## Directions for this task
With the pictures left out, retype exactly the lines below starting at the line that contains "Preview in Browser - Fallout 4" and ending at the line that contains "Yamamoto Fuzzy Senko".

## Extracted information
# # # # # # #

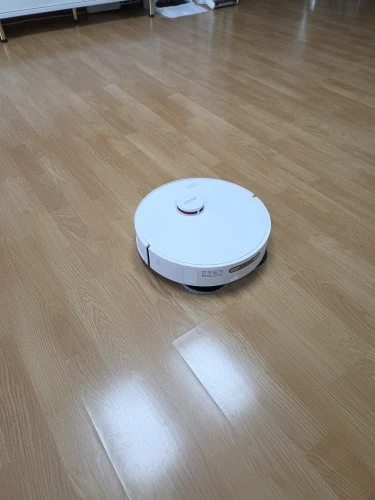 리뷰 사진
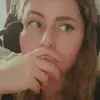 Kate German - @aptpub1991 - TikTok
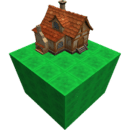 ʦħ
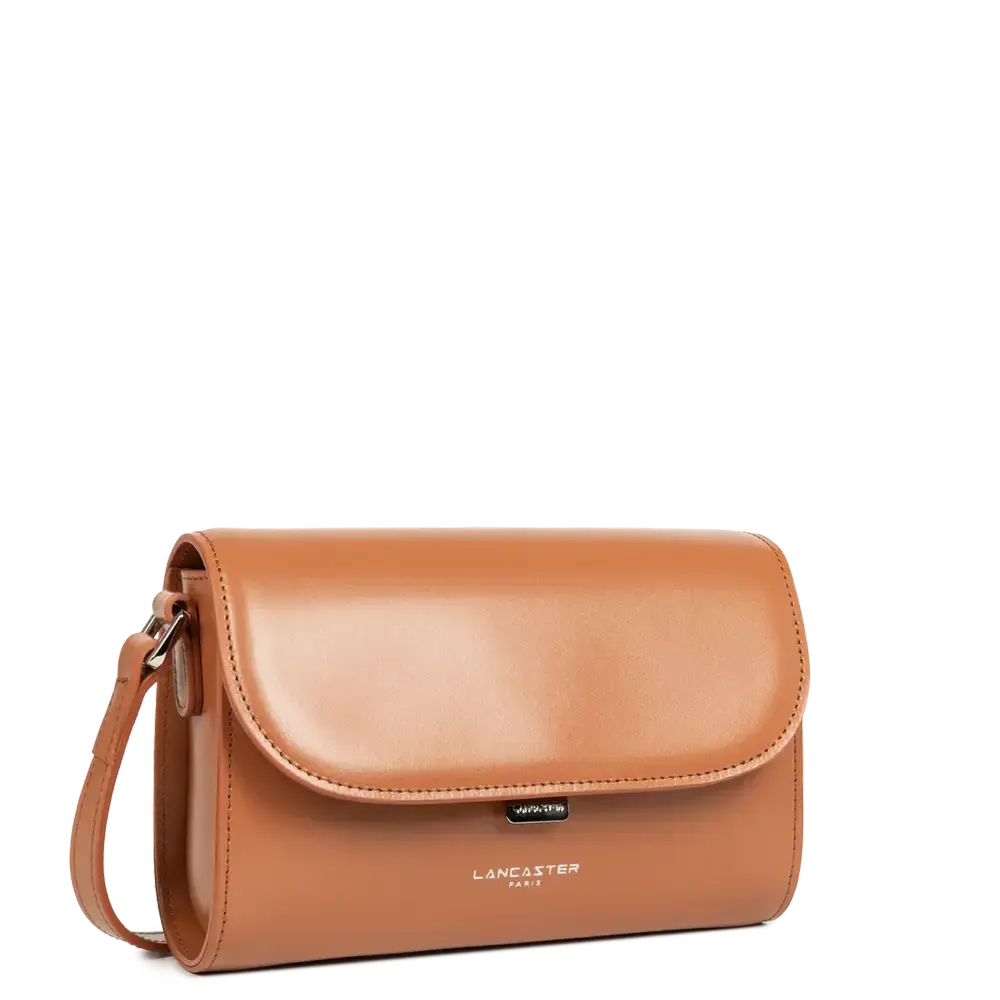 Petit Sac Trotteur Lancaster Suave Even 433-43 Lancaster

# # # # # # #

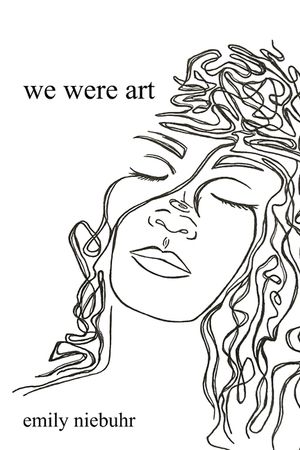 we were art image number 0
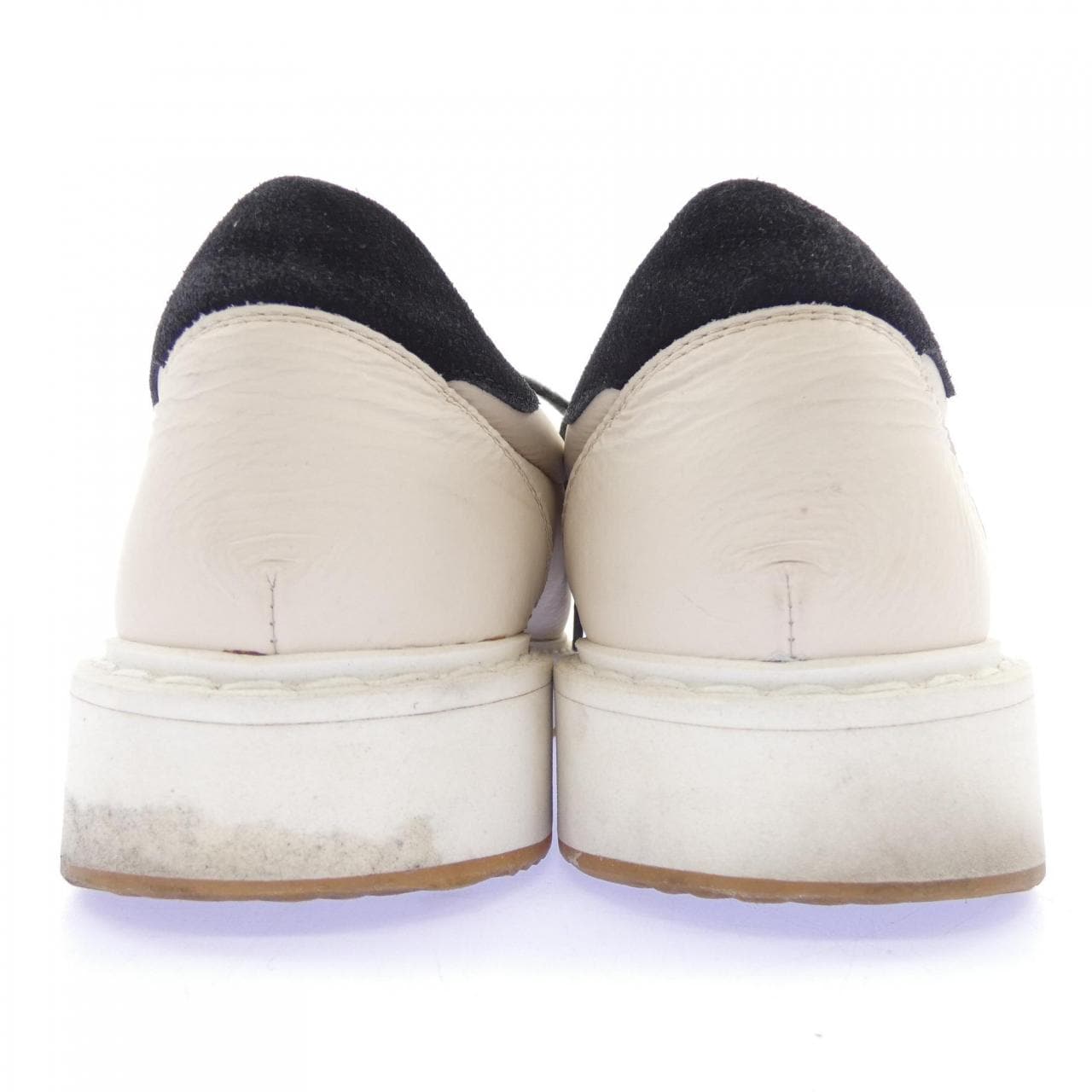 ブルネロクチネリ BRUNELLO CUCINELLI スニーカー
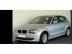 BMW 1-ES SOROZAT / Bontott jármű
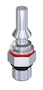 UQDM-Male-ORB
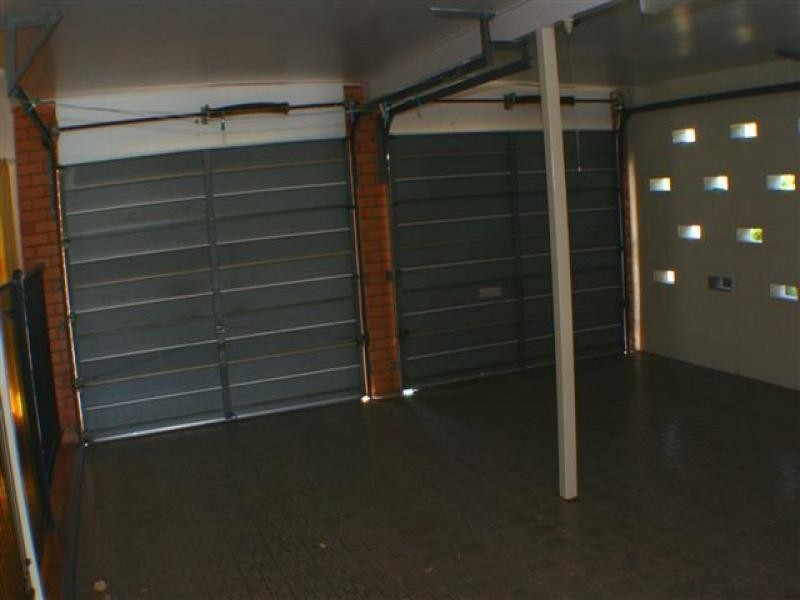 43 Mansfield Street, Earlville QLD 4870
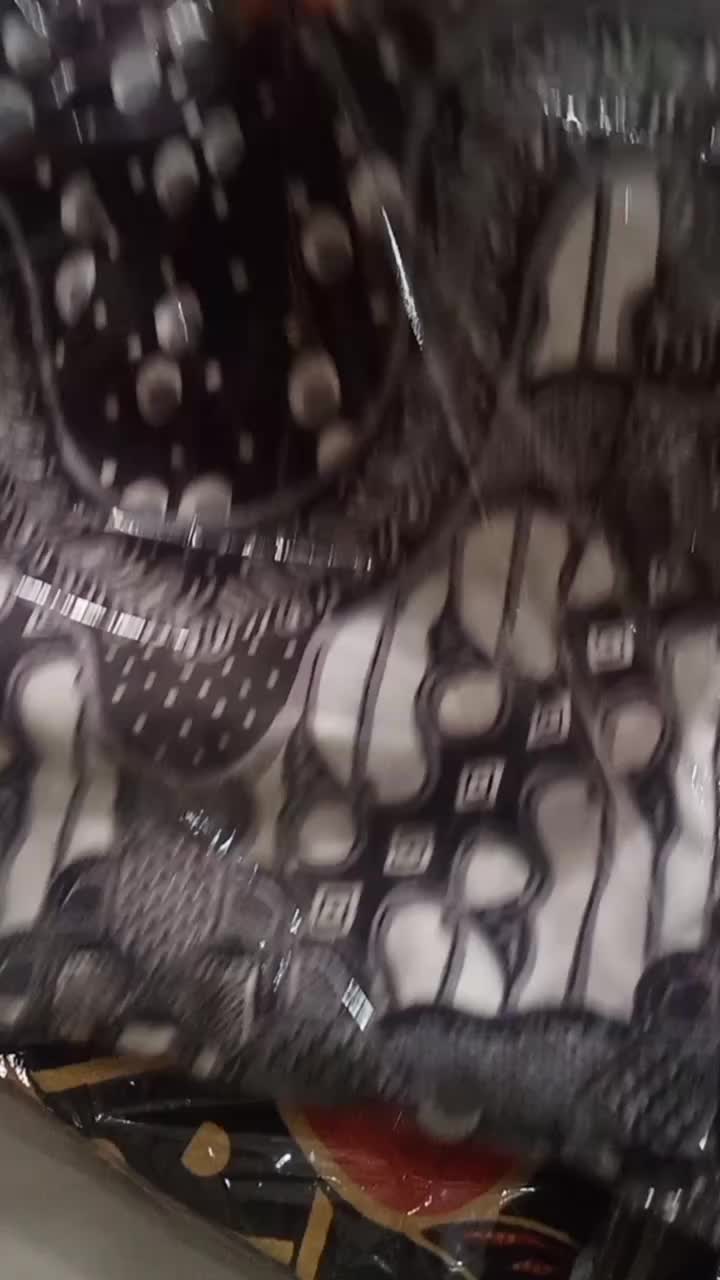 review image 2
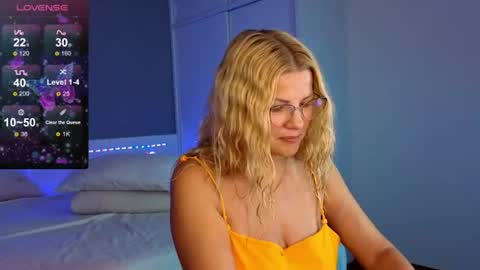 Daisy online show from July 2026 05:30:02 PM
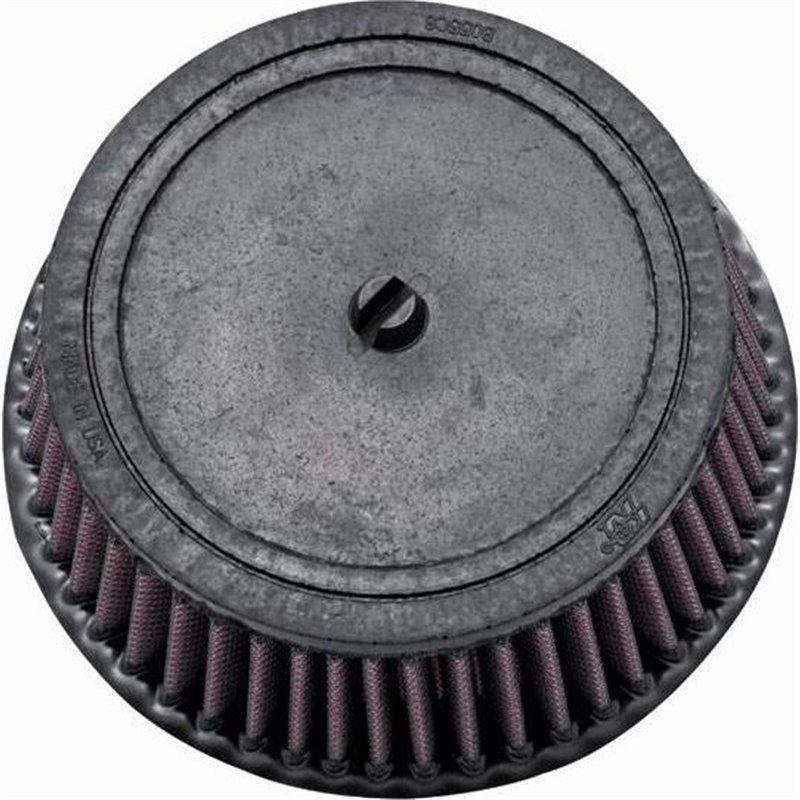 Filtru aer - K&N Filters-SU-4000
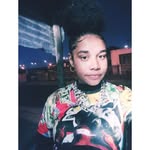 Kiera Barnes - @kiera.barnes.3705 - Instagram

# # # # # # #

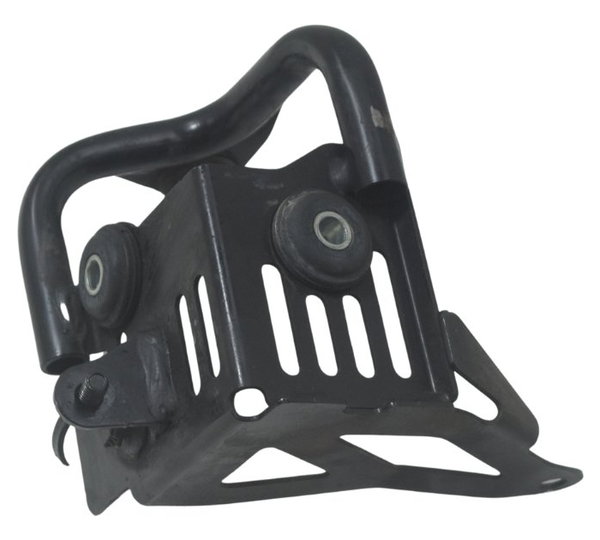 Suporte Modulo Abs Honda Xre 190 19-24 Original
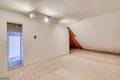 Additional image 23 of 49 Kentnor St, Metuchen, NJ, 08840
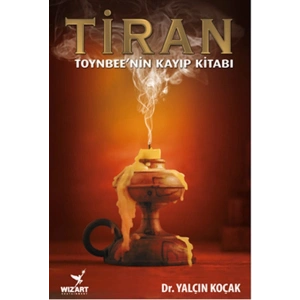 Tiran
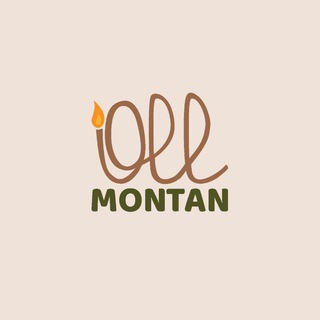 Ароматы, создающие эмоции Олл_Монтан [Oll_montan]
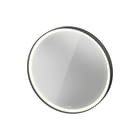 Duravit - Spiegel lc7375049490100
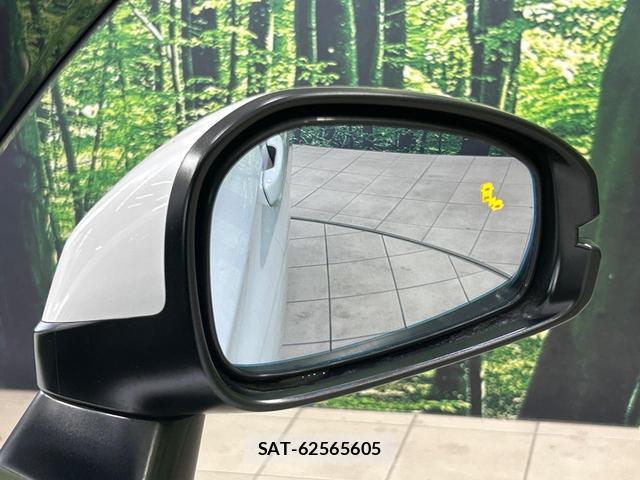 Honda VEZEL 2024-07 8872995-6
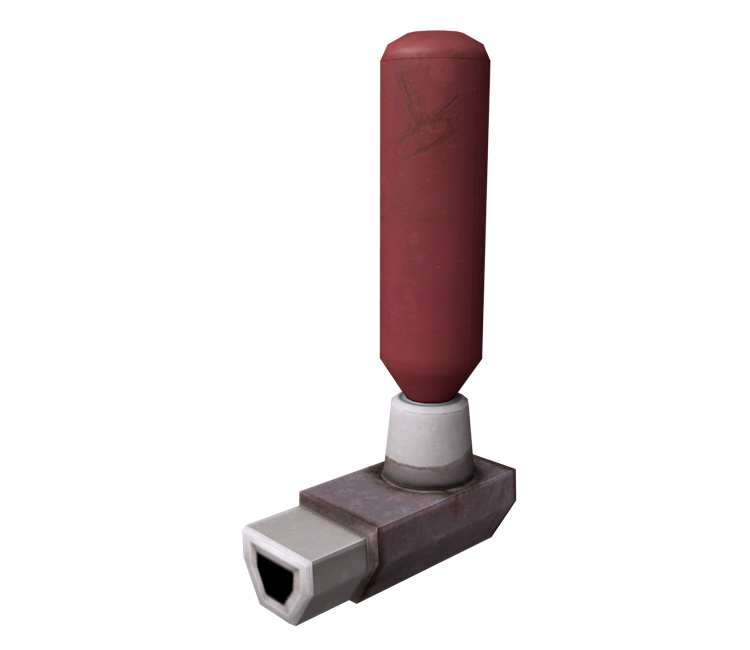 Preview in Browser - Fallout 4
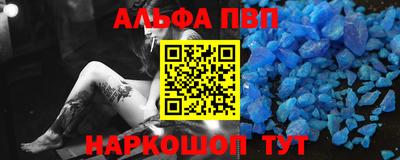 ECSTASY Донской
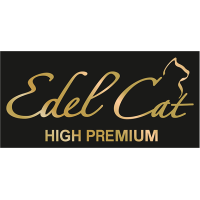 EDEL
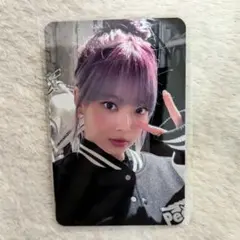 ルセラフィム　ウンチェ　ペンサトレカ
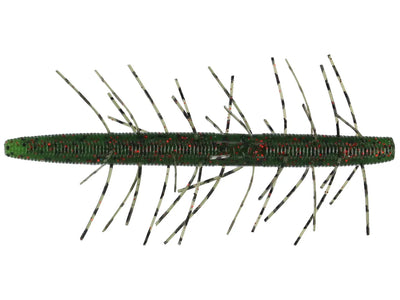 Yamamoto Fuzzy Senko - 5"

# # # # # # #

## Answer section
 Preview in Browser - Fallout 4
 ECSTASY Донской
 EDEL
 ルセラフィム　ウンチェ　ペンサトレカ
 Yamamoto Fuzzy Senko - 5"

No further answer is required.